> _YOUR INSTRUCTIONS_: Please return the lines from the one with "Tasiso Dainty Gold" through the end of the listing below, word for word, with every picture left out.

> _EXERCISE DATA_:

——————————

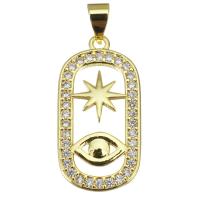 Cubic Zirconia Micro Pave Brass Pendant, fashion jewelry & micro pave cubic zirconia & for woman, gold Approx 3.5mm 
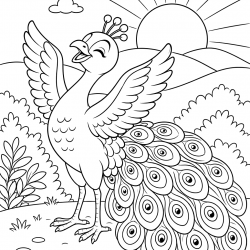 Pavão para imprimir e colorir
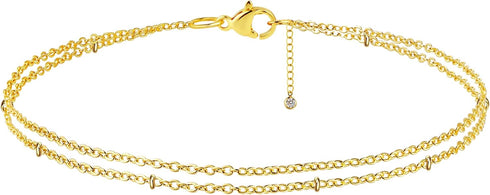 Tasiso Dainty Gold Bracelets for Women Cute Tiny Sideways Cross Bracelets Layered Pearls Herringbone Chain Toggle Clasp Bracelet Minimalist Handma...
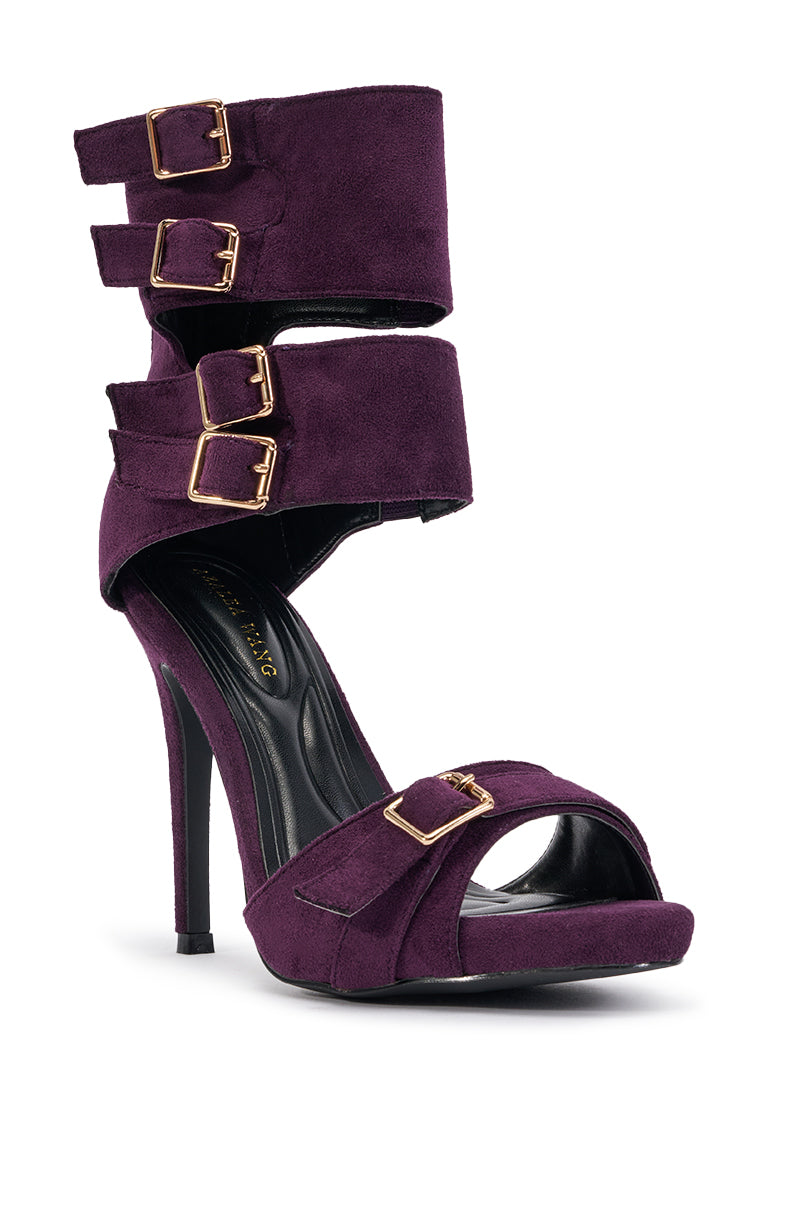 AZALEA WANG TARA EGGPLANT BUCKLE STILETTO SANDAL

——————————

> _SOLUTION_:
 Tasiso Dainty Gold Bracelets for Women Cute Tiny Sideways Cross Bracelets Layered Pearls Herringbone Chain Toggle Clasp Bracelet Minimalist Handma...
 AZALEA WANG TARA EGGPLANT BUCKLE STILETTO SANDAL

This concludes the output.